Berita Papua, Dogiyai — Anggota Dewan Perwakilan Rakyat Provinsi Papua Tengah (DPRPT) dari Partai Bulan Bintang, Yones Waine, mengidentifikasi sejumlah proyek pembangunan jalan dan jembatan berstatus provinsi dan daerah yang belum terealisasi di Kabupaten Dogiyai.
Temuan ini disampaikan dalam kegiatan reses tahap III pada 2-11 November 2025.
Waine merinci beberapa proyek jalan berstatus provinsi yang belum terlaksana, yakni pembangunan jalan Deiyai Distrik Tigi Barat, Debei Dalam, Puweta, hingga tembus ke ibu kota Kabupaten Dogiyai.
Sementara untuk jembatan berstatus provinsi yang belum direalisasikan meliputi jembatan Kali Botu Kampung Puweta II, Kali Edege Kampung Tuwaida, dan Kali Edege Kampung Obaibegaa, Distrik Kamuu Selatan.
Untuk proyek yang menjadi tanggung jawab Pemerintah Kabupaten Dogiyai, Waine mencatat pembangunan jalan tembus Ugapuga-Pouwouda, Putapa tembus ke Distrik Kamuu Selatan, Idakebo tembus ke Kampung Nuwa dan Pouwouda, serta jalan tembus Kampung Denemani-Kampung Motito.
Legislator Papua Tengah itu menekankan pentingnya akses jalan dan jembatan untuk meningkatkan kualitas ekonomi, pendidikan, kesehatan, keagamaan, dan pelayanan pemerintahan di Kabupaten Dogiyai.

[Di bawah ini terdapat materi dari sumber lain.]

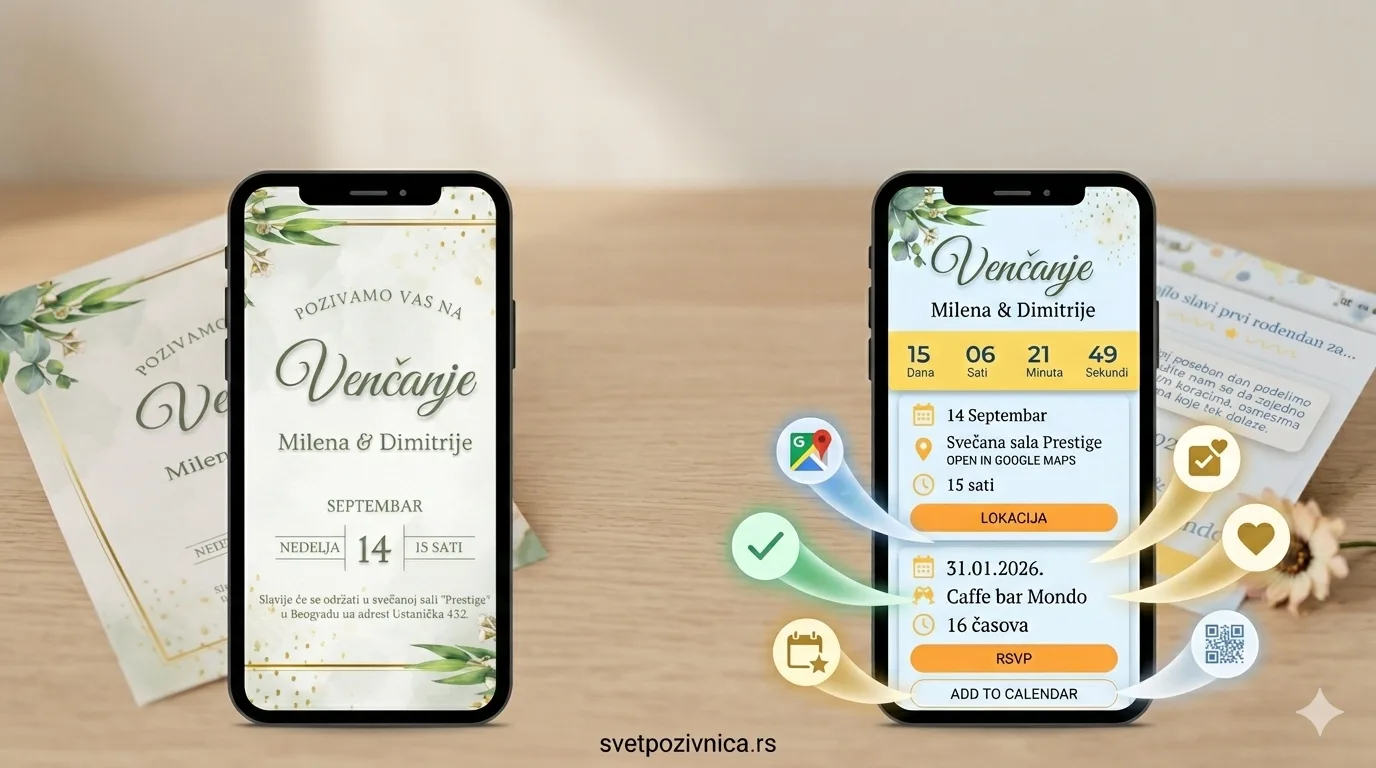 Classic ili Smart pozivnica: šta izabrati?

“Akses pembangunan jalan dan jembatan adalah sangat penting demi meningkatkan kualitas ekonomi, pendidikan, kesehatan, keagamaan, dan pelayanan pemerintahan di Kabupaten Dogiyai,” tegas Waine kepada BeritaPapua.co, (3/12/2025).
Waine mendesak Pemerintah Provinsi Papua Tengah dan Kabupaten Dogiyai berkolaborasi untuk merealisasikan pembangunan jalan dan jembatan yang belum tersentuh.
Politisi PBB ini berharap temuan ini dapat menjadi bahan evaluasi bagi ke-2 untuk mempercepat pembangunan infrastruktur yang telah lama dinanti masyarakat Dogiyai.
“Telah lama masyarakat Kabupaten Dogiyai menantikan realisasi pembangunan jalan dan jembatan kepada Pemerintah Provinsi Papua Tengah dan Pemerintah Daerah Kabupaten Dogiyai,” pungkasnya.